I keep coming back to this 2009 TED talk by Simon Sinek on the power of “why.” I often find the really smart people I work with jump right into the details: what they’re going to do and how it should be done. I also have found that academic leaders, in particular, frequently begin their communication with statements about problems or deficiencies. I think this is because they spend their careers as scholars identifying problems to solve and challenging one another’s research in order to expose the flaws and make sure it holds up.
However, once you move into leadership, the job is different. You need to inspire and motivate the people around you to give their best effort, even when the going gets tough. To do this, it’s important to start with the “why”: Why are we doing this? What will it look like if we are wildly successful? Research shows that a positive and clear articulation of the destination inspires people and makes them work harder. Stating your goals and aspirations in a positive way is much more likely to get your team working enthusiastically, persuade the organization to commit resources, and win support from donors.
I recommend to my clients that in every communication, large or small, internal or external, they zoom out and begin with at least a brief articulation of the “why.” This has several benefits:
- Inspires stronger commitment to the task at hand, whether from employees, colleagues, or donors.
- Builds team spirit and connectedness among those working toward a common goal.
- Helps to resolve disagreements about the details of how to get there.
- Gives your team members and supporters the language to be effective ambassadors for your effort.
Here are some examples:
What and how: “We’re trying to improve faculty and student recruitment by doing more outreach to minority populations and by sharing research on implicit bias.”
Why: “We want to live up to our mission by making our campus a place where everyone is able to contribute their best ideas regardless of their background or identity.”

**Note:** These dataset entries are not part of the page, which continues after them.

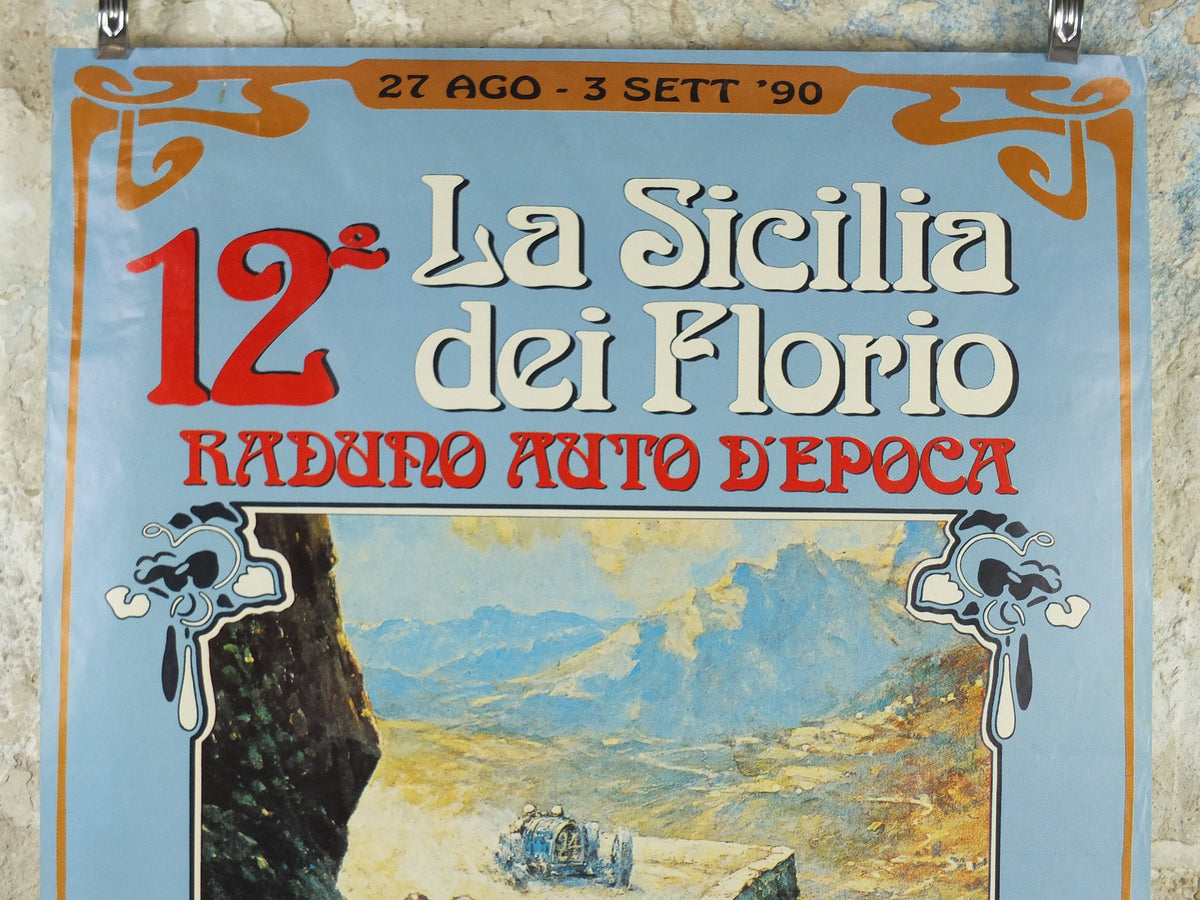1990 La Sicilia dei Florio Poster, Panormus Vintage Car Rally enthusiasts, Sicily, Italy, motor sport motorsport, wall art decor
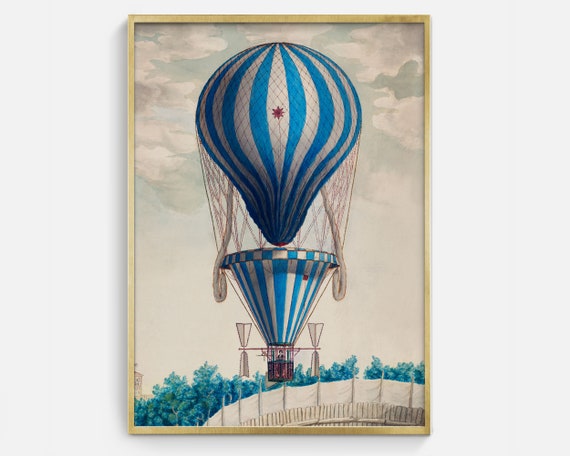 Blue Striped Hot Air Balloon Art Vintage Print Of Balloon Antique Transportation Art Gifts For Men Art For Baby Boys Room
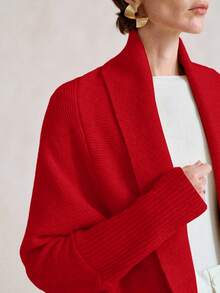 SHEIN Stylify Áo khoác cardigan dệt kim dáng rộng, vạt áo bất đối xứng, kiểu dáng mới dành cho nữ mùa Thu/Đông, thanh lịch, cao cấp, đa năng cho việc đi lại hàng ngày. - Đỏ - Xem 4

What and how: “We want to increase the number of global experiences for our students by teaching more courses and by creating more exchange programs with international partner institutions.”
Why: “We must prepare our students to operate effectively in a global, interconnected world.”
What: “We will launch a center focused on turning the research discoveries of our faculty and alumni into marketable technologies, and will raise money for an innovation fund to support the development of early stage businesses.”
Why: “We believe the research discoveries of our faculty have the power to change the world, but to realize this promise we must get the research in the hands of people who can use it.”
Oftentimes leaders understand they must start with the big idea when they speak at high-profile events or in their annual letter to their community. But they frequently forget to reinforce the “why” in smaller situations such as meetings with colleagues and staff. Always starting with the “why”—in every opportunity you have to communicate—will make you a more effective leader, will foster stronger support among your colleagues, and will help to build passionate champions for your goals.